CRÓNICAS PLURICULTURAIS
167. INTERROGAÇÕES SOBRE A LÓGICA DO PROGRESSO
Se no mundo técnico e científico o progresso é marcado por uma evolução gradual, linear e de permanente inovação, o mesmo não se verifica nas relações dos humanos uns com os outros.
Não há troca de eletrodomésticos, computadores, telemóveis, máquinas ou meios de transporte tecnologicamente mais eficientes e confortáveis por outros mais antigos, desadequados, desatualizados, ultrapassados e ineficientes.
As coisas, os objetos, o dinamismo dos utensílios e do saber encaminham-se para a sua perfeição, melhorando continuamente, numa tendência universal que atravessa todas as latitudes e longitudes, independentemente das determinações étnicas de uma comunidade, grupo social ou cultura.
Indicia-se não haver regressão no progresso técnico e científico, na dinâmica inteligível dos utensílios e das coisas, que se intui como crescente e irreversível, ao invés das várias formas de relacionamento humano, como no universo político e simbólico, tidas como repetitivas, progressivas, regressivas, com avanços e recuos, onde se indicia existirem problemas insolúveis, reversíveis, subjetivos e geradores de incerteza.
Intui-se que o tempo cumulativo do desenvolvimento científico e técnico é portador de uma evolução e inovação progressivamente contínua.
Intui-se que o tempo cumulativo do desenvolvimento das relações das pessoas umas com as outras não melhora permanentemente, pode ser progressivo ou regressivo, pode trocar-se uma democracia por uma ditadura e o inverso, abolir-se ou instituir-se a pena de morte e a prisão perpétua, trocar-se uma religião humanista por uma inquisitorial e sanguinária, por mais que se tente absolutizar e universalizar os direitos humanos, de génese meramente ocidental, para muitos.
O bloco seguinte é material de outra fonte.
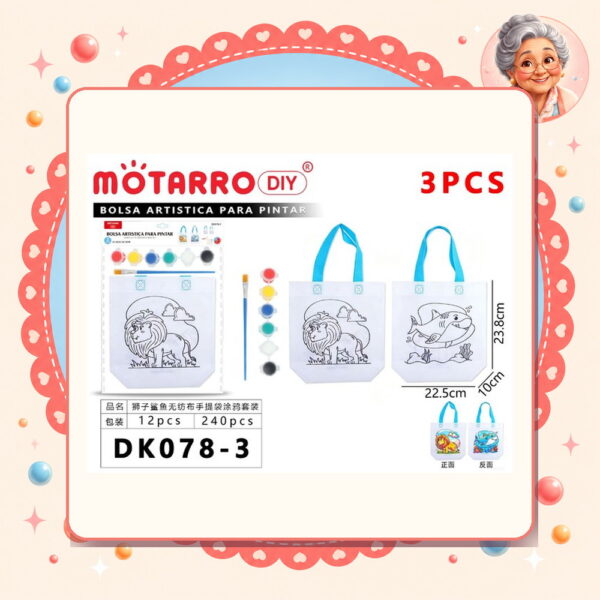 Para Pintar Motarro DIY Ref. DK078-3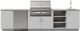 Urban Bonfire® Breeze 36 135" Chantilly Outdoor Kitchen-0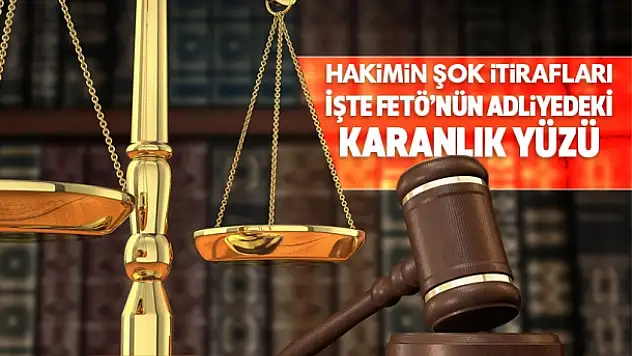 ‘Pişmanım’ dedi bütün bildiklerini anlattı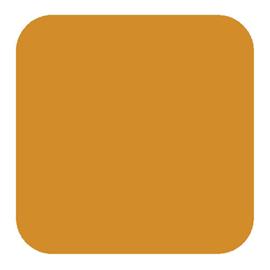 Unbranded Auro 260 Silk Gloss Paint - Yellow Ochre - 0.75
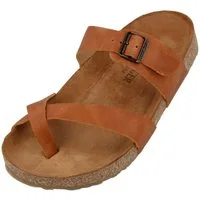 Haflinger Bio Juno Sommer Sandale Hausschuh Unisex Hausschuh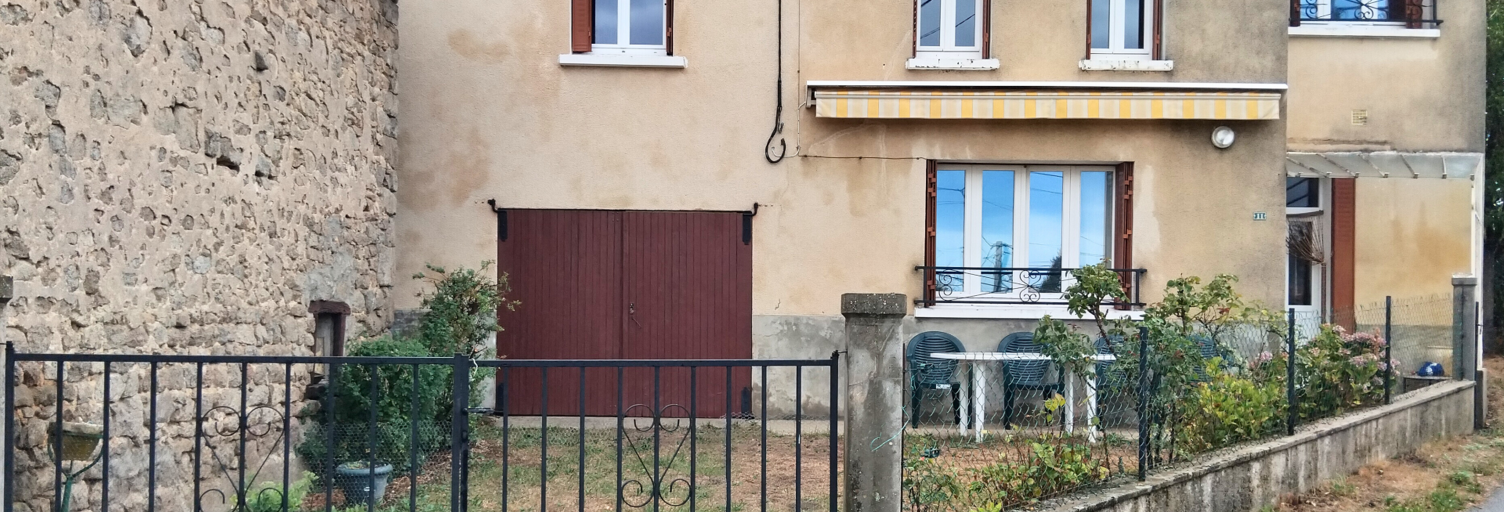 Maison 5 Pièces 100 m² à vendre à Saint-Pardoux-les-Cards (23150)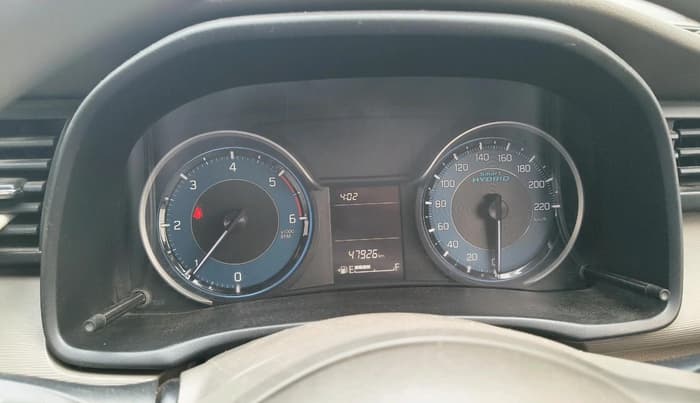 2018 Maruti Ertiga VDI 1.3, Diesel, Manual, 47,926 km, interior
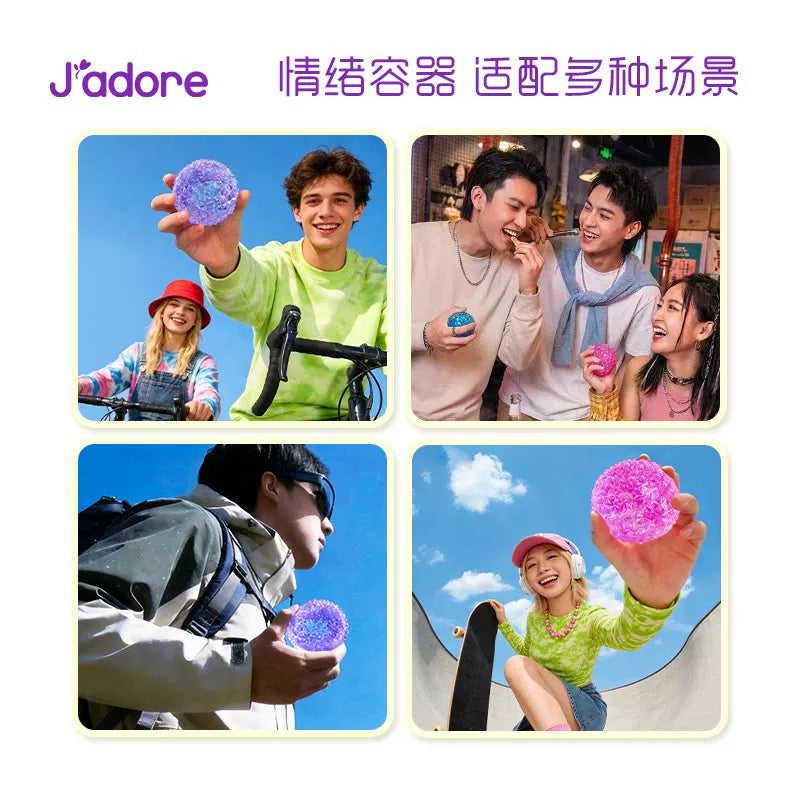 爵托捏捏乐钻石系列减压神器慢回弹发泄解压玩具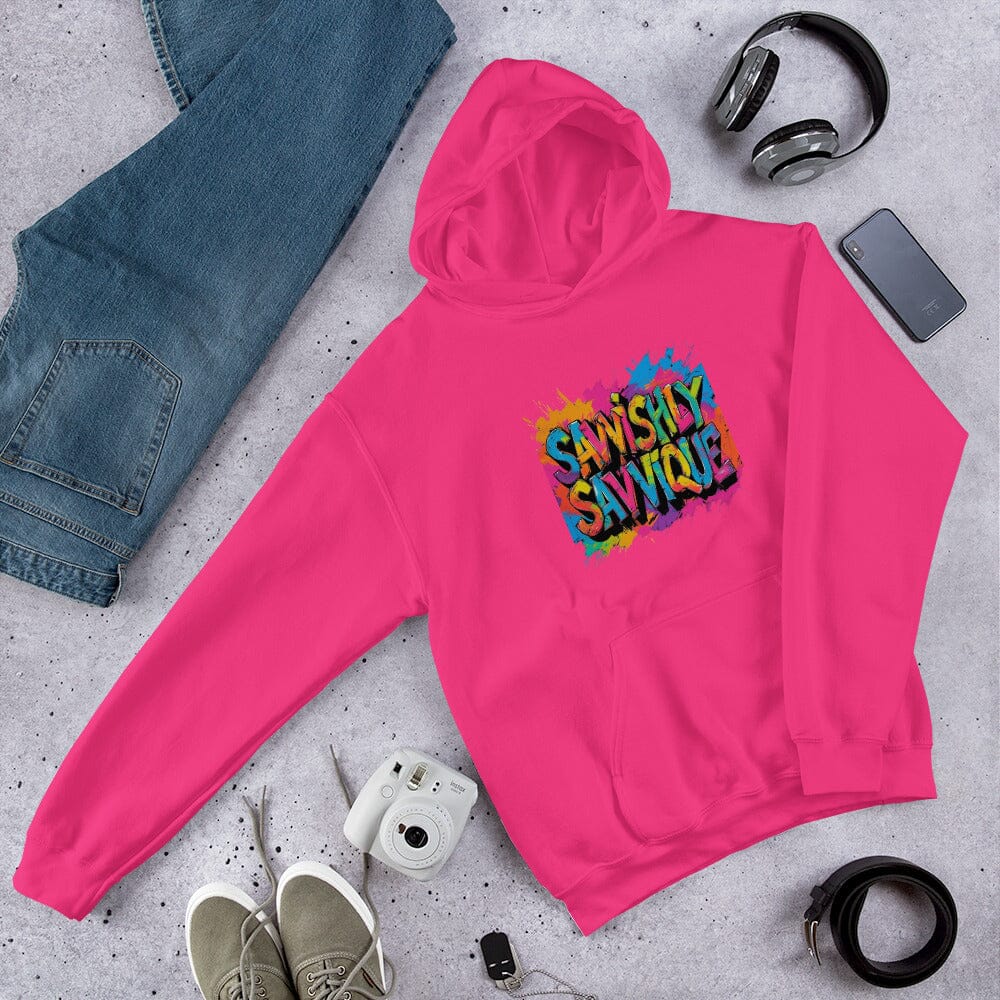 Unisex Premium Hoodie - Cozy Comfort Meets Effortless Style Clothing Savvishly Savvique Heliconia S 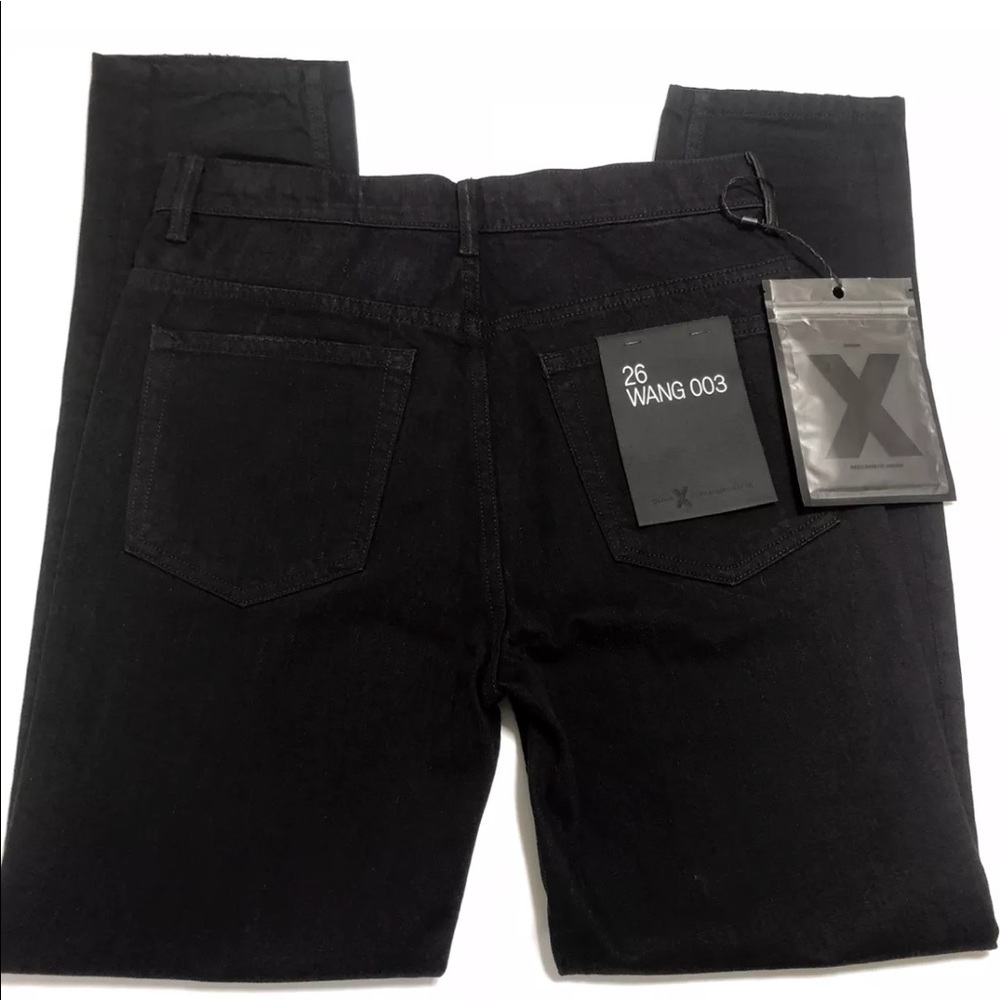 Alexander Wang Jeans boyfriend low rise size 26 - Picture 5 of 6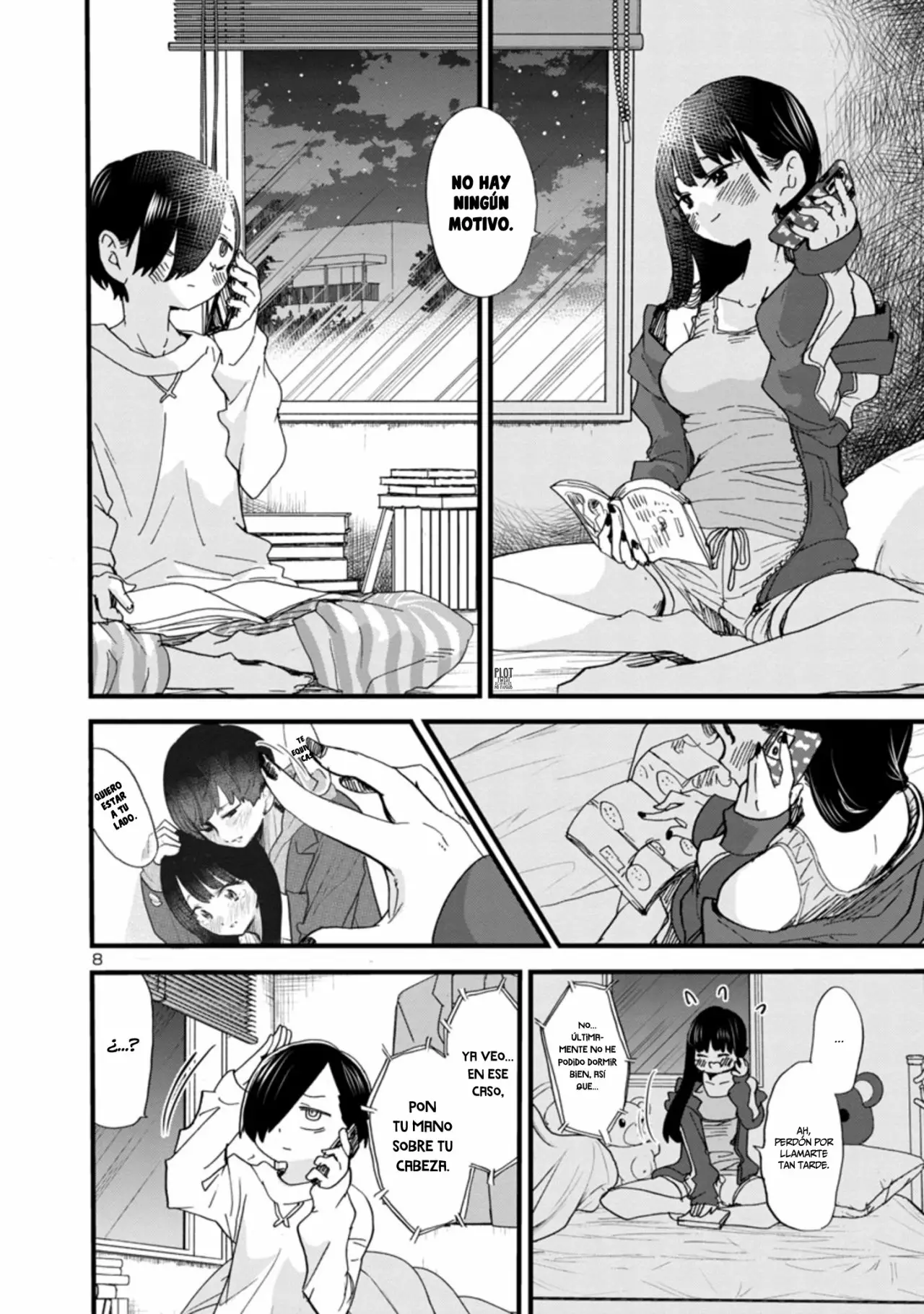 Boku no Kokoro no Yabai Yatsu Capítulo 49 - Página 10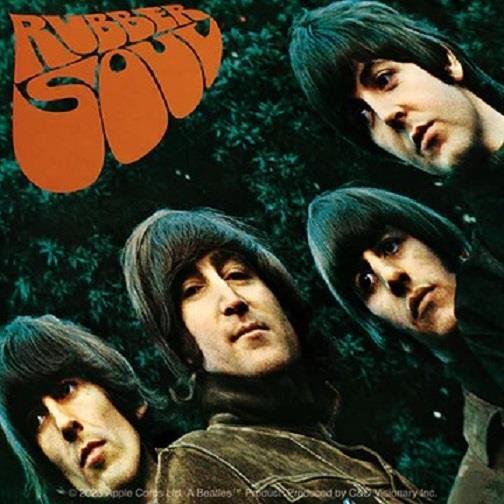The Beatles Rubber Soul Sticker Decal Official Rock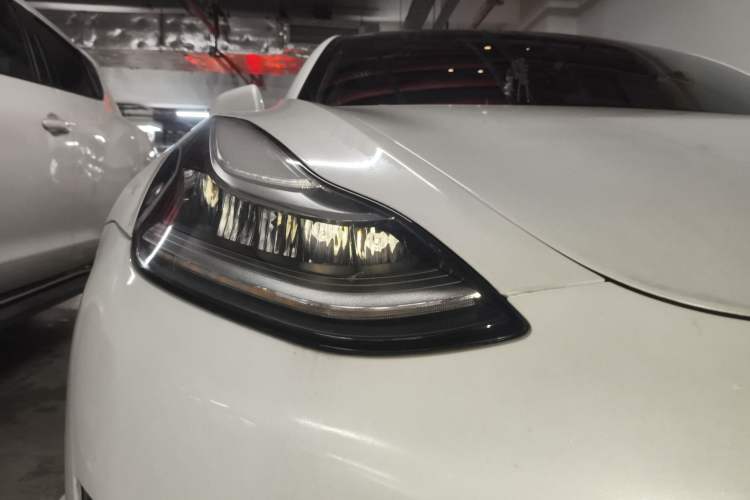 Used Tesla Model 3 2020 Revised Version Standard Range Rear-Wheel Drive – Upgraded Edition
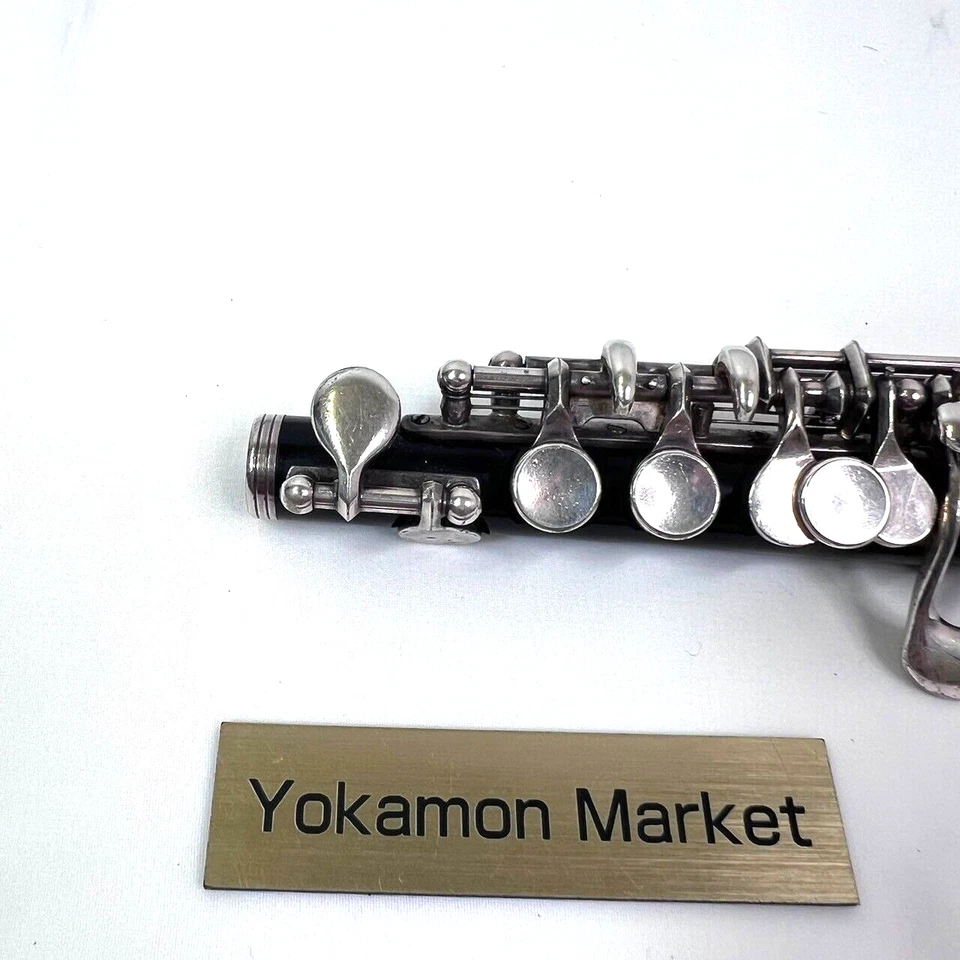 Flauta Yamaha YPC-31 Piccolo níquel plata con estuche rígido Foto 3 de 4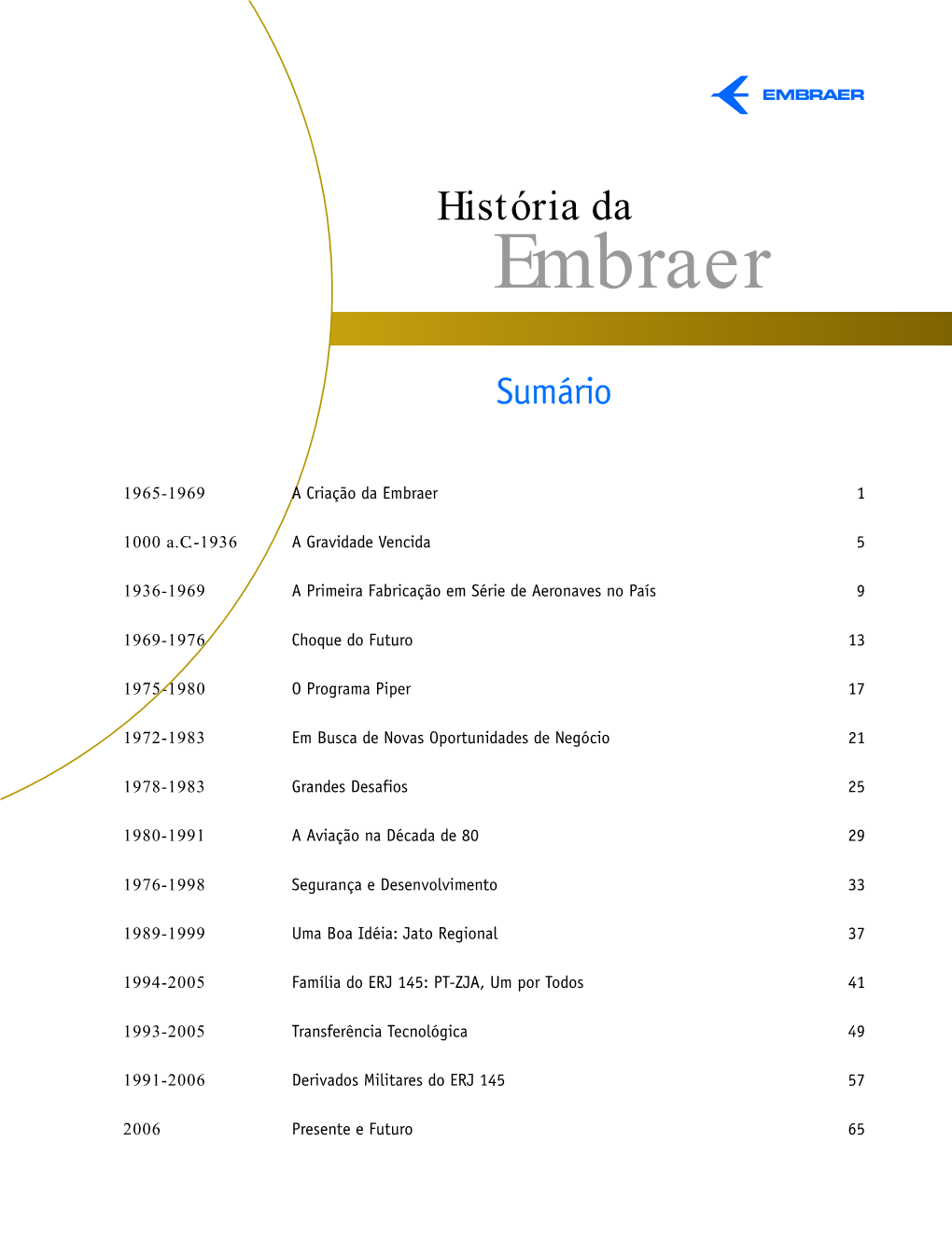 História Da Embraer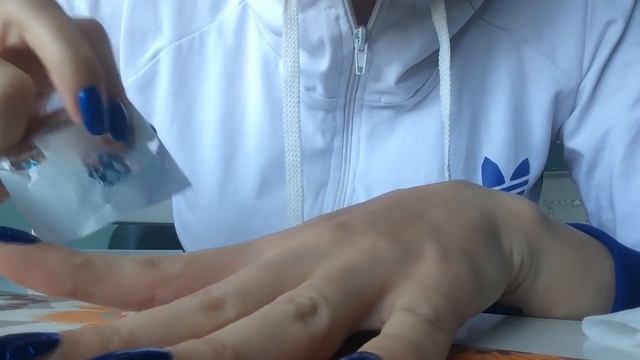 Маникюр с помощью фольги смотреть онлайн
E se o computador é um progresso irrefutável, um sem número de vezes superior, em relação ao ábaco e à sua calculadora, não se pode dizer que Gandhi, Luther King ou Mandela são personalidades morais superiores a Buda, Jesus Cristo ou Maomé. Que filósofos contemporâneos são mais “profundos” que os da antiguidade como Sócrates, Aristóteles e Platão. Que Jackson Pollock e Andy Warhol superam Caravaggio e Leonardo da Vinci, que as obras de Shakespeare ultrapassam a Ilíada e a Odisseia, de Homero.
Indicia-se que a noção de progresso é menos aceitável e mais questionável, senão mesmo inviável, na ordem afetiva, intelectual, psicológica, política e simbólica das relações humanas, dada a sua natureza e condição, como o provam os clássicos na sua intemporalidade, pois “está lá tudo”, desde que há escrita, como é usual dizer-se, pelo que, nesta perspetiva, a guerra, por exemplo, tem caraterísticas de permanência na História da humanidade, o que não exclui tentar expurgá-la, a todo o tempo e em qualquer circunstância.